Un Chingotto in condizione fisica – e psicologica – straripante sta dettando legge e i 4.670 punti nella race contro i 3.880 di Agustin e Arturo sono un biglietto da visita poderoso in vista del Major di Roma, dove in palio ci sono 2.000 punti e nel quale Tapia e Coello non vincono dal 2023, la loro prima stagione in coppia. Il margine è sempre più sottile in classifica, dove i Golden Boys hanno 21.180 punti e gli avversari 18.820. Lontanissimo Juan Lebron, che ne ha appena 7.665 (c’è una voragine fra i primi 4 e gli altri). E Chingotto, che sa bene che Galan prima di lui è stato numero uno del mondo al fianco di Lebron, vuole fare un favore al suo compagno di squadra e riportarlo in cima al ranking.
“Mi piacerebbe tanto – ha detto Fede dopo il clamoroso 6-2 6-1 su Tapia e Coello nella finale di Buenos Aires – aiutarlo a tornare lassù. Ale lo merita, è uno che lavora duro e che si allena cercando sempre di migliorarsi”. Chingotto esalta anche la freddezza e la pazienza del compagno madrileno, che non perde mai la testa. “Si fida di me e me lo trasmette in campo; è un gesto molto gentile da parte sua. Mi dà la sua piena fiducia in ogni momento, su ogni palla, anche quando le cose vanno male. Sa che ho bisogno di quel piccolo sostegno”.

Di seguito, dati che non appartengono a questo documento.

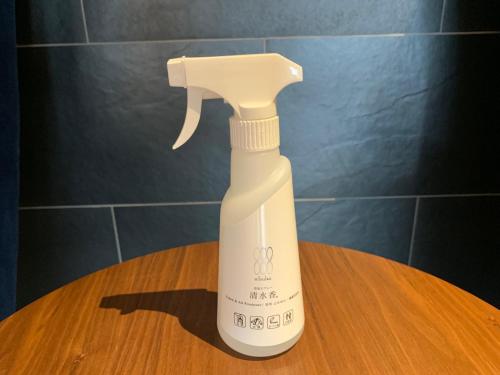 a white spray bottle sitting on top of a table at HOTEL STATE TENNOJI in Osaka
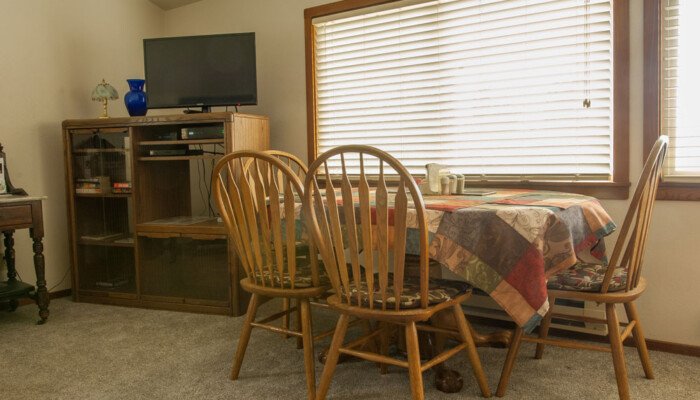 Cozy living room with dining table and TV cabinet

La corsa al primo posto è ancora lunga e Chingotto ha sempre i piedi per terra, anche perché lui, a differenza di Galan, al numero uno non ci è mai arrivato, dunque vuole tenersi alla larga dalla pressione della prima volta. “Mi sto godendo il momento e continuerò a lottare per la gente, per noi e per il mio obiettivo personale, ma c'è ancora tanto da fare”. Sono cinque i tornei vinti negli ultimi 6 disputati per i Chingalan, eliminati soltanto da Lebron e Augsburger a Bruxelles. E i 17mila di Buenos Aires hanno dato una carica emotiva clamorosa a Chingo, eroe e profeta in patria.
“Sono senza parole, è un sogno che si avvera. Da bambino sogni sempre di vincere un torneo in casa, con uno stadio pieno, con la mia famiglia, la mia ragazza e tutti a fare il tifo. È qualcosa di unico, porterò questo ricordo nel mio cuore per sempre”. E Chingotto, “piccolo” grande uomo, sta sovvertendo ancora una volta la teoria che nel padel oggi serve un fisico dominante. Lui vince le partite con tecnica, tattica, ritmo, intensità, intelligenza e un cuore enorme. Sarebbe un numero 1 al mondo meritatissimo, per un giocatore unico nel suo genere che coniuga passato, presente e futuro del padel. Tutto in 170 centimetri di energia.